## Material for the task
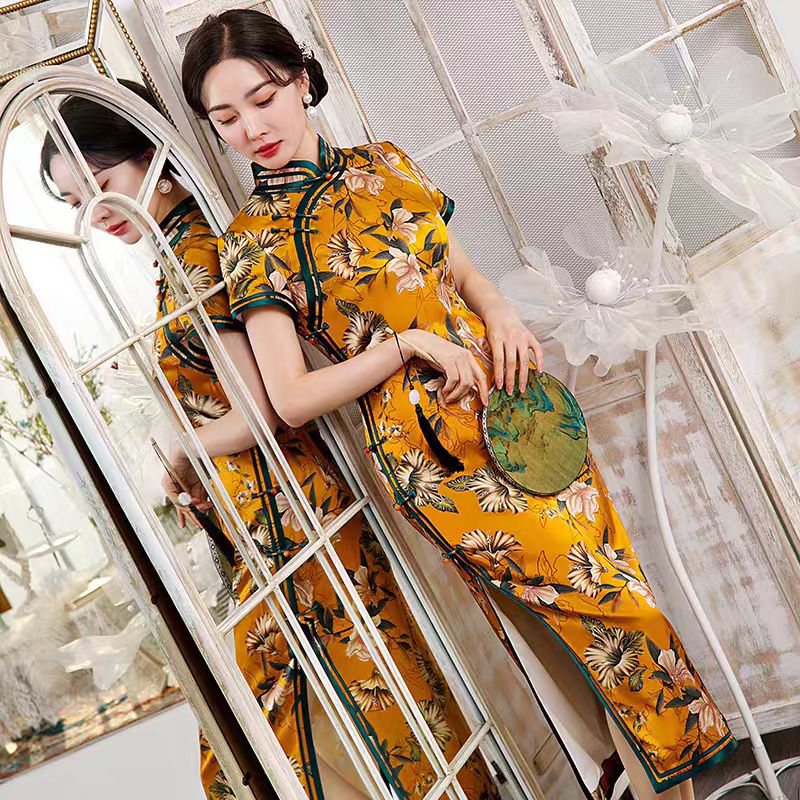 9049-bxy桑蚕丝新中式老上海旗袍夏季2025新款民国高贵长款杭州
...
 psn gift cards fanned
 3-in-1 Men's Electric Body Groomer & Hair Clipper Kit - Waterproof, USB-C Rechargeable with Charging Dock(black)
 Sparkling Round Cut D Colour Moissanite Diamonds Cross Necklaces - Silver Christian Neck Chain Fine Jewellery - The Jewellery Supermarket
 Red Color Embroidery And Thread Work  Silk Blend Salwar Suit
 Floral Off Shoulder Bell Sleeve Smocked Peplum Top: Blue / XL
==
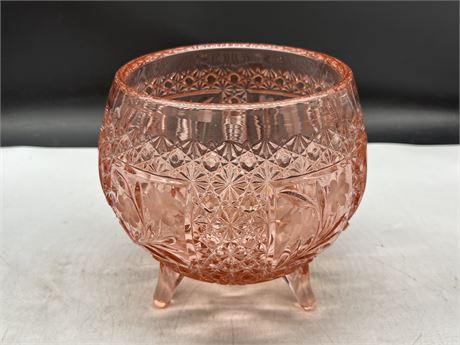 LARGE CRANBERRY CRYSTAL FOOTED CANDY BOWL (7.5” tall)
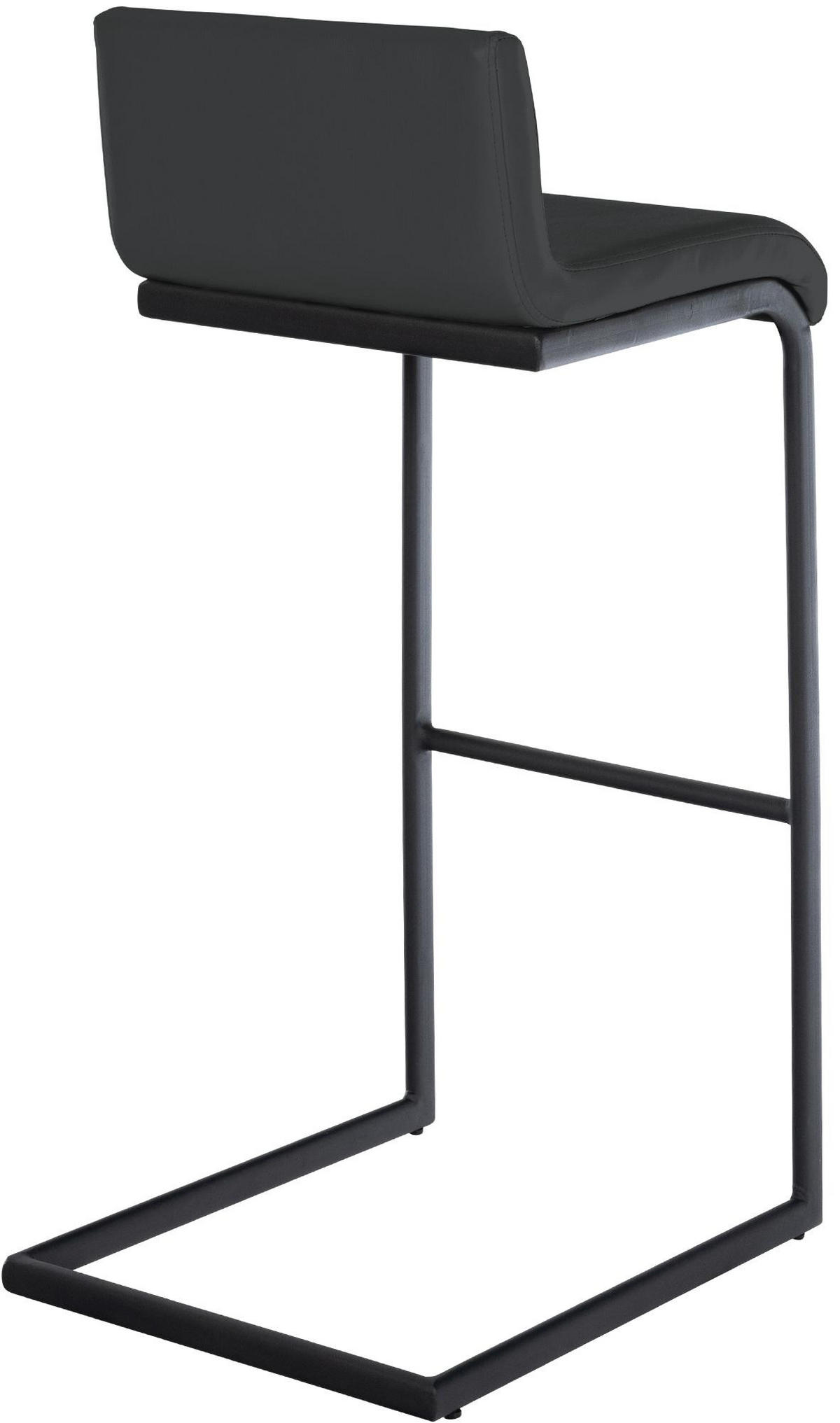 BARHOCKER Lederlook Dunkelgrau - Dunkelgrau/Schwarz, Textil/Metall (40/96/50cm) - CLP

## Aim of the exercise
Within the material above, find the part that opens with the line containing "LARGE CRANBERRY CRYSTAL" and closes with the line containing "BARHOCKER Lederlook Dunkelgrau", and reproduce it exactly without the pictures.

## Answer space
 LARGE CRANBERRY CRYSTAL FOOTED CANDY BOWL (7.5” tall)
 BARHOCKER Lederlook Dunkelgrau - Dunkelgrau/Schwarz, Textil/Metall (40/96/50cm) - CLP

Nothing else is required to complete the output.